What does this mean?
It means that if Dark Matter particles exist and are heavy (in the range they looked for), they don't annihilate (collide and explode) as often as some theories predicted.

The "Fence" They Built

Since they didn't find the ghosts, they didn't give up. Instead, they built a fence.

  • They calculated the maximum amount of "ghost activity" that could be happening without them seeing it.
  • They said, "If the ghosts are doing anything more active than this, we would have seen them. Since we didn't, the activity must be below this line."
  • This is called setting an upper limit. They have now ruled out a huge chunk of possibilities for what Dark Matter could be.

Why This Matters

  • New Territory: This is the first time anyone has looked for Dark Matter this heavy (up to 10 PeV, which is a million times heavier than a proton) using gamma rays from the Galactic Center.
  • The "Goldilocks" Zone: Previous telescopes were good at finding light ghosts (low mass) or very heavy ghosts, but HAWC is unique because it can see the "medium-heavy" ghosts that others missed.
  • The Winner: The most sensitive search was for Dark Matter turning into "tau leptons" (a type of heavy electron).

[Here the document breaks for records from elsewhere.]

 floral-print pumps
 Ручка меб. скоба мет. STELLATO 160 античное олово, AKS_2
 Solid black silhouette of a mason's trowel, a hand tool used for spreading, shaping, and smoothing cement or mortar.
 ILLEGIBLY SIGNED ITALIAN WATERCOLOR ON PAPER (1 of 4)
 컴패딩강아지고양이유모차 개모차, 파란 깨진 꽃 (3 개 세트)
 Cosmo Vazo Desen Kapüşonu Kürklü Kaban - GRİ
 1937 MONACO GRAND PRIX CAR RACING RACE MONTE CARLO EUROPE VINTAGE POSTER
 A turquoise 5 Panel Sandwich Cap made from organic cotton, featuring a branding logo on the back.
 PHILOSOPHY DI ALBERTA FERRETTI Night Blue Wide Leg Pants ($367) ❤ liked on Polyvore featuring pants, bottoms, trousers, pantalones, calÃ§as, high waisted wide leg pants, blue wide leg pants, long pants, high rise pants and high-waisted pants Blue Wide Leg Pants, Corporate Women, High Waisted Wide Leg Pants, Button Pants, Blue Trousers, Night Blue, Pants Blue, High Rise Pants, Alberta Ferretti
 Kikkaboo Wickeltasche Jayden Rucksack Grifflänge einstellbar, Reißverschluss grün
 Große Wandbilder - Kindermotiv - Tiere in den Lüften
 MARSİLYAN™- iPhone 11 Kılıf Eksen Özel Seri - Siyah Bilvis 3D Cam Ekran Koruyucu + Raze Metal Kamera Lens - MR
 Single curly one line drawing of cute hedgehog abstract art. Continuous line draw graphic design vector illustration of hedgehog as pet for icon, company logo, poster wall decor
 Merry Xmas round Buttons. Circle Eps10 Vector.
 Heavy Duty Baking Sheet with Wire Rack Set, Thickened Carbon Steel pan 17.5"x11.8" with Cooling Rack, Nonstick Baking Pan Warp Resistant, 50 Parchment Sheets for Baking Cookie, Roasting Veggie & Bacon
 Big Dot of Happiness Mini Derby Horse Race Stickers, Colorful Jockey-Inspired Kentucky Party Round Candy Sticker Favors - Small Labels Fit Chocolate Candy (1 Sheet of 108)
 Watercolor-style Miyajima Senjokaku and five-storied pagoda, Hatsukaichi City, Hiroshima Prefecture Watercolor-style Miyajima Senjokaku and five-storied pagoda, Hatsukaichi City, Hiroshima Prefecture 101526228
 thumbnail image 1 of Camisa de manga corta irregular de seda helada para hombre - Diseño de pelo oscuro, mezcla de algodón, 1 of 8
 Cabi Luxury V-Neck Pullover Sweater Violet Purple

This channel gave them the tightest "fence," meaning they are most confident that Dark Matter isn't behaving in that specific way.

The Bottom Line

The scientists looked very hard, very long, and with a very big net, but they didn't catch any Dark Matter ghosts in the Galactic Center. While this might sound disappointing, in science, knowing where something isn't is just as important as knowing where it is. They have narrowed down the search, telling future physicists, "Don't look for ghosts that heavy and active in this specific way; they aren't here."

It's like searching a dark room for a specific type of mouse. You didn't find it, but now you know for sure that if the mouse is in there, it's either very small, very quiet, or hiding in a different room entirely.